The priest to whom she reported her visions wisely sent her to a psychiatrist, to be sure that she was not suffering from some mental illness. Assured that these were not hallucinations, Fr. Micheal became her great supporting in what would be an uphill climb to acceptance. 

Today the Chaplet of Divine Mercy and Divine Mercy Sunday are no longer thought of as strange innovations but as ordinary, perhaps traditional, parts of Catholic Spirituality. 

We may look at our world and think that it’s the worst mess ever, but St. Faustina lived in a much more difficult time and place. And yet, what she saw was Jesus and the great mercy of God. 

Wednesday, October 3, 2018

More trust than patience

Growing up, I remember often hearing the expression “the patience of Job.”  And yet, this week, as we read the Book of Job, it strikes me that the great virtue we see in Job is not patience but trust. 

Yes, he is patient. But the foundation of that patience is an absolute trust in two things. First, he trusts that God is all-powerful. 

God is wise in heart and mighty in strength. 

Job recognizes the presence of evil in the world. He recognizes the power that human beings have. But for Job, there is a greater power at work in the world, God. 

Secondly, Job believes that God’s action is continuous. And here is where he differs from many of us. For many of us, we seem to believe in a world that runs along like a machine and God occasionally intervenes, possibly in answer to prayer. Job has a very different view of the world. 

For Job, God is constantly at work in the world, constantly moving the world according to His design. 

Do we as Catholics believe in free will? Of course, we believe that every human being chooses and we define ourselves by our actions. 

Each tree is known by its own fruit. 

But we also believe, like Job, not in a God who is passively observing the world and only occasionally intervening, but in a God who is every moment of every day guiding the world toward the fulfillment of His plan, the coming of His kingdom. 

Job was able to be patient because Job trusted God even when the plan was not visible. 

We are living in a time when our trust in human beings is all but completely eroded. The good news is that like Job we may find that adversity deepens our trust in God. 

Monday, October 1, 2018

The unlikely Doctor

In the Catholic Church there are some who, in addition to being declared saints, are also called Doctor of the Church. Here the word Doctor is being used, in the Latin sense, to mean teacher. These are people renowned for their contribution to theology or the doctrine of the Church. 

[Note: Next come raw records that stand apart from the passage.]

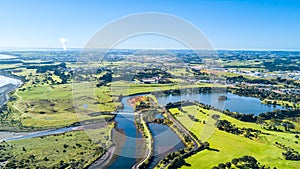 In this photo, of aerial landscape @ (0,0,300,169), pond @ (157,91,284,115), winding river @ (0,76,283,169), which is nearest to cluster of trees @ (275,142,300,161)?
aerial landscape @ (0,0,300,169)

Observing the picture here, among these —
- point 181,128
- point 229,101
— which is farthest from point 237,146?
point 229,101

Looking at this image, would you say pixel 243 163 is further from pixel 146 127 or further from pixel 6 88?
pixel 6 88

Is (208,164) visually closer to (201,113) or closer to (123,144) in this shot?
(123,144)

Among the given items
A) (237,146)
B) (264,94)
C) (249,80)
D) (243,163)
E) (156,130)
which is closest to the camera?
(243,163)

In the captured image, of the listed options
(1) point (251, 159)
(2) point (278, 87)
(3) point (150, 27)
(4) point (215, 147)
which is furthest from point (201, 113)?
(2) point (278, 87)

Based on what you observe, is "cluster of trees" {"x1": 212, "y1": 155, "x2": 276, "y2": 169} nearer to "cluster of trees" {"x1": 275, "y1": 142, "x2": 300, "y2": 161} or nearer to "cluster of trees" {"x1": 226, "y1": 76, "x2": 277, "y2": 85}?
"cluster of trees" {"x1": 275, "y1": 142, "x2": 300, "y2": 161} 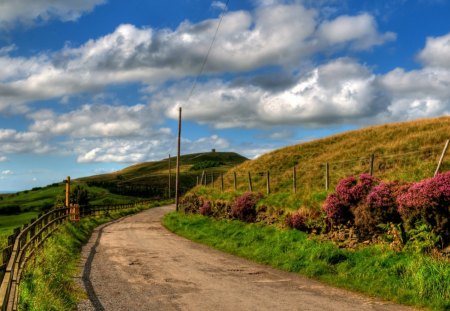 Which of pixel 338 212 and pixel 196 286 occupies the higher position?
pixel 338 212

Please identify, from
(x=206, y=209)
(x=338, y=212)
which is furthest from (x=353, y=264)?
(x=206, y=209)

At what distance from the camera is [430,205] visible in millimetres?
13203

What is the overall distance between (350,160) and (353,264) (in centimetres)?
1462

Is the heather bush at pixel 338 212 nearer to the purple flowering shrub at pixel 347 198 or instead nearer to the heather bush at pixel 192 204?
the purple flowering shrub at pixel 347 198

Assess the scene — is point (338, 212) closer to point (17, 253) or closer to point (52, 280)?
point (52, 280)

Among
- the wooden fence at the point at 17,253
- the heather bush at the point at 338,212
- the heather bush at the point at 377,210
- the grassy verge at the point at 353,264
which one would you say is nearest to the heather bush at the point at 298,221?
the grassy verge at the point at 353,264

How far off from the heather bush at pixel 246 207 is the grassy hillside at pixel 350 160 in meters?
0.99

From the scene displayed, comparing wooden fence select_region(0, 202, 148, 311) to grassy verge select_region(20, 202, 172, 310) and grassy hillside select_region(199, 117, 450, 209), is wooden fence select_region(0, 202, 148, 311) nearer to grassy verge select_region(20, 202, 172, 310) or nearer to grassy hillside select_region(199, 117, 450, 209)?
grassy verge select_region(20, 202, 172, 310)

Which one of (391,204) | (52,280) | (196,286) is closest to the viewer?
(52,280)

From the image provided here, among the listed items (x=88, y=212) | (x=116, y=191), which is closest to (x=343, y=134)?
(x=88, y=212)

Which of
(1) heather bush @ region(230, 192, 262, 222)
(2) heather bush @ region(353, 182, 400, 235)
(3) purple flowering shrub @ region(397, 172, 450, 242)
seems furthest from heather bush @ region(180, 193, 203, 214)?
(3) purple flowering shrub @ region(397, 172, 450, 242)

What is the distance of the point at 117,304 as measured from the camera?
1073 cm

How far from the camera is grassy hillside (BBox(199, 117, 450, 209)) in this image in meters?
22.2

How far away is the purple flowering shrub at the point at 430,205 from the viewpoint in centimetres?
1305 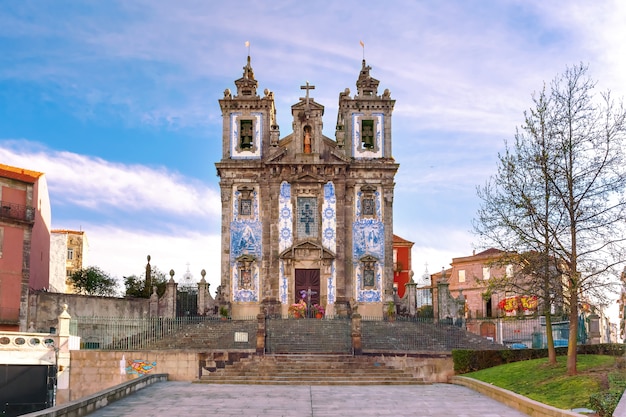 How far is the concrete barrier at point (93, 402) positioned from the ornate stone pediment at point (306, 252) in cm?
1697

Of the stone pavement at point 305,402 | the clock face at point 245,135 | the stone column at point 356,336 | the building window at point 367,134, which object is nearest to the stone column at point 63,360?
the stone pavement at point 305,402

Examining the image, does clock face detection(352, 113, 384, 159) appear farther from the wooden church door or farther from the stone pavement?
the stone pavement

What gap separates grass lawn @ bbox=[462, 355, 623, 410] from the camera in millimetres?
15438

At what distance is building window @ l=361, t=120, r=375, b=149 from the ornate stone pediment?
22.6 ft

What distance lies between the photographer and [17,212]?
123ft

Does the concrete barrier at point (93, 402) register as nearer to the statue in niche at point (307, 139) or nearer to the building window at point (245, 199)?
the building window at point (245, 199)

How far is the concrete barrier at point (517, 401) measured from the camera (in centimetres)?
1368

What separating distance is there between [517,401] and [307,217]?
81.4 ft

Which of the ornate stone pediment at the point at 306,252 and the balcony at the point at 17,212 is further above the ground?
the balcony at the point at 17,212

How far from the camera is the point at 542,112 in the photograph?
20.3 meters

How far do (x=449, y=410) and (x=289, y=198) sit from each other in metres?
24.8

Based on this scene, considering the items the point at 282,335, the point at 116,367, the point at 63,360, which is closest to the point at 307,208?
the point at 282,335

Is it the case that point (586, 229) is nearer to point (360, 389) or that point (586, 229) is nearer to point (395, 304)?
point (360, 389)

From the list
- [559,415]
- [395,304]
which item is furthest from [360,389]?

When today’s saint, St. Thérèse, was made a doctor of the Church in 1997 there was great debate, not because she was a woman, but because her writing was not what anyone would have considered scholarly theology. Her work might be read in a class on Spirtuality.  

In his Apostolic Letter Divini Amoris Scientia (The Science of Divinie Love) St. John Paul II lays out her unique contribution to the teaching of the Church. He reaches back to the scriptures and finds in her writing an example of how God reveals himself to the humble, to the “little ones.” 

Today as we honor St. Thérèse it is a good time for all of us to stop and look for the signs of God’s love in the simple things of life.